Pia Nottenkämper: Die zwei Personen aus unserem Unternehmen, die neben weiteren Personen entlang der Lieferkette dafür verantwortlich gemacht wurden, haben ja bewusst gehandelt. Sie wussten genau, an welchem Tag keine Probe gezogen wird. Menschlich bin ich sehr enttäuscht darüber, wie das Unternehmen und vor allem mein inzwischen verstorbener Vater hintergangen und während der Ermittlungen weiter belogen wurden. Während des Ermittlungsverfahrens abgehörte Telefongespräche der Täter belegen dies. Jetzt kontrollieren wir noch viel engmaschiger, als wir eigentlich müssten. Wir haben Kameras an der Ein- und Ausgangswaage, von jeder Anlieferung wird ein Foto gemacht. Wir beproben, aber auch unsere Anlieferer müssen uns regelmäßig ihre Proben schicken, damit wir wirklich jeden Fehler ausschließen können. Beim Abkippen wird das Material dann noch einmal kontrolliert. Wir sind sehr darauf bedacht, dass so etwas nie wieder vorkommt. Wenn Ihnen eine Gruppe mit hoher krimineller Energie aber einen Saboteur ins Unternehmen setzt, können alle Sicherheitsmechanismen ausgehebelt werden.

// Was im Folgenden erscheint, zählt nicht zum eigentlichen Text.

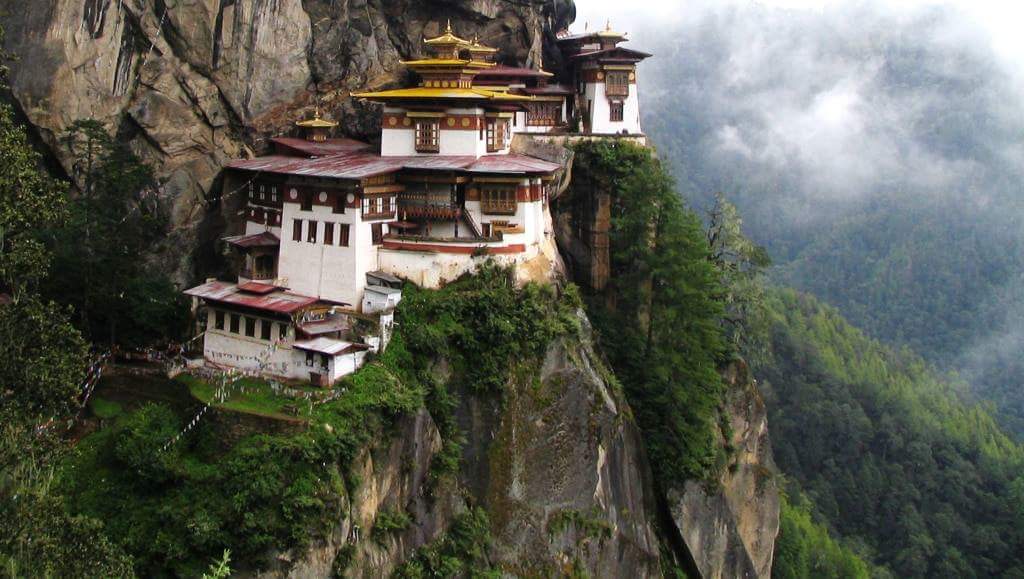 Tiger's Nest Monastery (Paro Taktsang), Bhutan, perched on a cliffside surrounded by lush greenery and overlooking the valley below.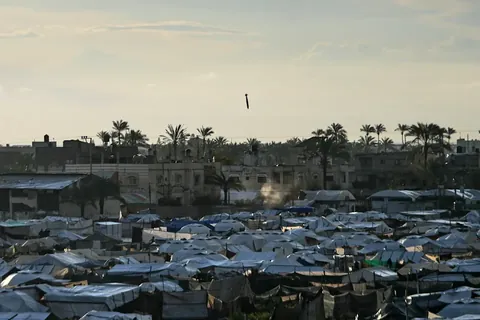 Israeli bomb mid-air as it falls toward a densely packed tent camp for displaced Palestinians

Bei einer Urteilsbegründung hat der zuständige Richter am Landgericht in Bochum gesagt, „es sei schwer zu glauben, dass das alles ohne Wissen der Firma Nottenkämper erfolgt sein soll“. Wie beurteilen Sie diese Aussage?

Pia Nottenkämper: Das wurde leider sehr verkürzt wiedergegeben, auch in Ihrer Zeitung. Gemeint waren damit unsere ehemaligen Angestellten, die zu unserem Nachteil hier zusammengewirkt hatten. Was der Richter und der Staatsanwalt danach gesagt haben, war bedauerlicherweise nicht mehr zu lesen: Es wurde klar gesagt, dass niemand aus unserer Geschäftsführung damit etwas zu tun hatte.

Thomas Eckerth ist der technische Geschäftsführer der Hünxer Firma Nottenkämper.
Thomas Eckerth ist der technische Geschäftsführer der Hünxer Firma Nottenkämper. © FUNKE Foto Services | Markus Joosten

Thomas Eckerth: In gewisser Weise hatte er insofern recht, als es in der gesamten Lieferkette auch zwei Beteiligte bei uns gab. Der eine ist verurteilt worden, der andere hat sich durch einen juristischen Deal freikaufen können. Die Geschäftsführung von Nottenkämper hatte keine Kenntnis von deren Machenschaften. Das haben die schon angesprochenen Gesprächsprotokolle im Zuge der Ermittlungen zweifelsfrei ergeben. Der Richter weiß auch, dass die Grünen uns unterstellt haben, wir als Unternehmen hätten dabei mitgemacht. Die Ermittlungen der Staatsanwaltschaft Duisburg wurden aber eingestellt, weil das alles Blödsinn ist. 

Kommen wir von der Vergangenheit zur Zukunft. Welche Pläne haben Sie als Unternehmen in Hünxe?

Thomas Eckerth: Wir planen die Austonung und die Deponie Buchenallee, stehen hier aber noch ganz am Anfang. Die Buchenallee wollen wir umsetzen, sobald die Eichenallee abgeschlossen ist. Damit werden wir noch Jahrzehnte am Standort bleiben und unsere derzeit 40 Mitarbeiter beschäftigen. So erwirtschaften wir langfristig Einnahmen, die auch in die Nachsorge für den Mühlenberg fließen. Die ersten Skizzen haben wir den Behörden bereits vorgestellt, was aus meiner Sicht absolut positiv gelaufen ist. Das zweite Projekt ist der Hafen Egbert-Constantin am Wesel-Datteln-Kanal. Die Unterlagen sollen nach den Sommerferien von der Bezirksregierung ausgelegt werden. Das dritte Projekt ist der sogenannte kalzinierte Ton: Als Ersatz für Flugasche und Kalkstein ist er in der Zementproduktion ein echter CO₂-Senker, als natürlicher Rohstoff reduziert er die Belastung um bis zu 25 Prozent. Für den Bau eines Kalzinierofens suchen wir derzeit Partner.